Dehors
le coq annonce l’aurore. Décidément, mon corps épuisé refuse le bénéfique repos
de la nuit. Le silence règne dans ma chambre, après avoir combattu les derniers
moustiques qui bourdonnaient à nos oreilles. J’entends seulement de temps à
autre, presque inaperçu, un gémissement d’Aruna, mon cadet âgé de quatre ans
qui, couché à mes cotés, se débat depuis trois jours contre les fièvres du
paludisme. Trois jours dans l’attente du médicament qu’il a fallu aller
chercher à Gabu.
Dans
ma souffrance de mère, mais dans le bonheur de la maternité, je déambule dans
une nuit d’insomnie à travers les sentiers de la vie, pas toujours droits et
dans la plupart des cas tortueux… Je reviens à mon enfance insouciante, jusqu’à
ce que je m’aperçoive que dans la vie il y a des prises de décisions qui ne
sont pas les nôtres… Ce n’est pas moi qui ai décidé de mon mariage avec Demba,
mon mari… Pas du tout ! Ce n’était pas lui que j’aimais et ce mariage m’a
empêchée d’épouser Aliu, le grand amour de ma vie ! Toutefois, il ne m’a pas
empêchée de l’aimer secrètement, dans ma douleur et au fonds de mon cœur. Ah !

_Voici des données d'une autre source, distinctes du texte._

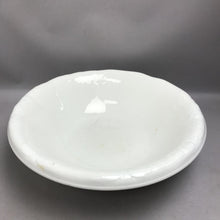 Load image into Gallery viewer, Antique White Ceramic Pitcher And Wash Basin (12")
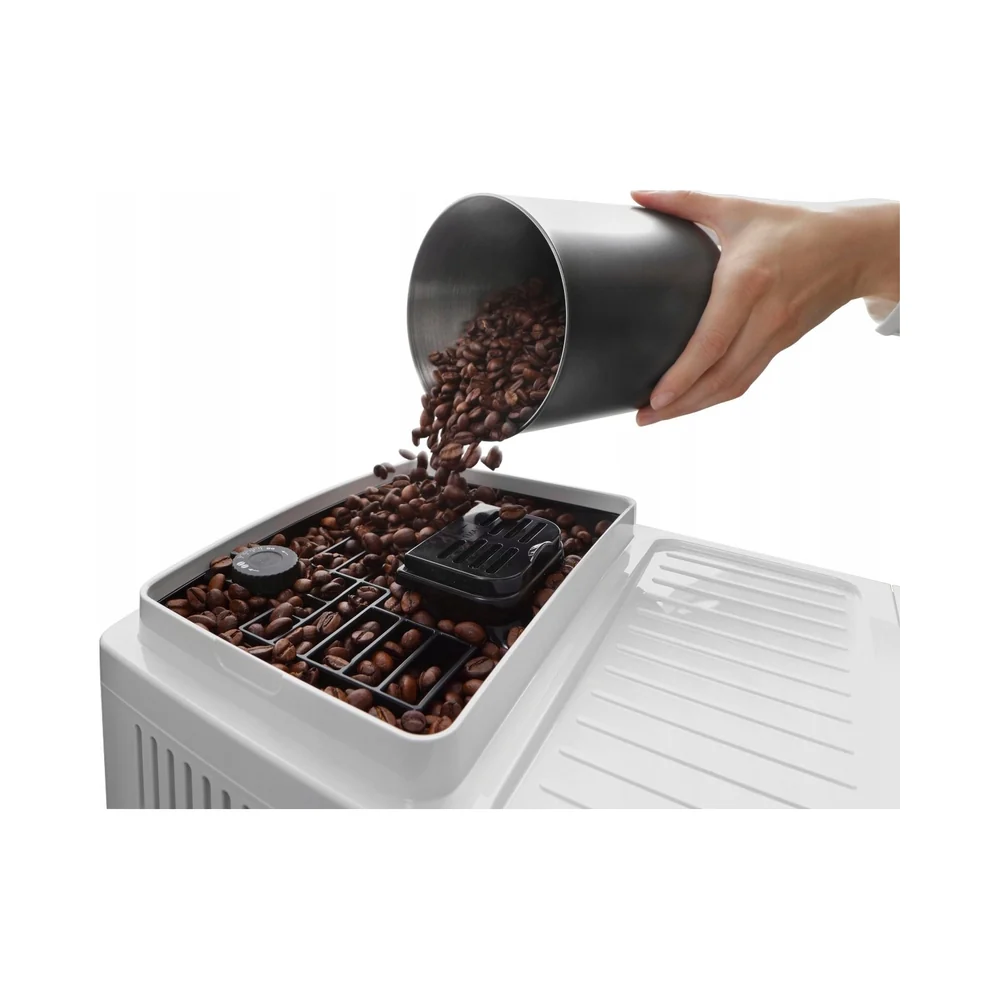 Automatyczny ekspres ciśnieniowy De'Longhi ECAM220.61.W 1450 W biały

Aliu! Où se trouve-t-il maintenant? On m’avait dit qu’il était parti au pays
des blancs, à la recherche de meilleurs jours… Je n’ai plus eu de ses nouvelles,
mais je n’oublierai jamais son regard désespéré quand il m’a vue être amenée de
force vers la maison de mon fiancé… Tant de douleur partagée ! Tant de révolte
accumulée ! Je ne l’ai plus jamais revu, mais je n’ai jamais cessé de
l’aimer...
Je
touche le front d’Aruna. Il me semble moins chaud et ma main moite m’assure que
la fièvre est en train de baisser. Que Dieu le veuille ! Béni soit M. Dimingu
qui est allé chercher ce miraculeux médicament à l’hôpital de Gabu ! Les
médicaments traditionnels n’ont pas fait d’effet et Aruna dépérissait de jour
en jour. C’est ainsi qui est décédée ma première fille, avec ces fièvres sans
fin qui l’ont emportée en moins d’une semaine. Un frisson parcourt mon corps.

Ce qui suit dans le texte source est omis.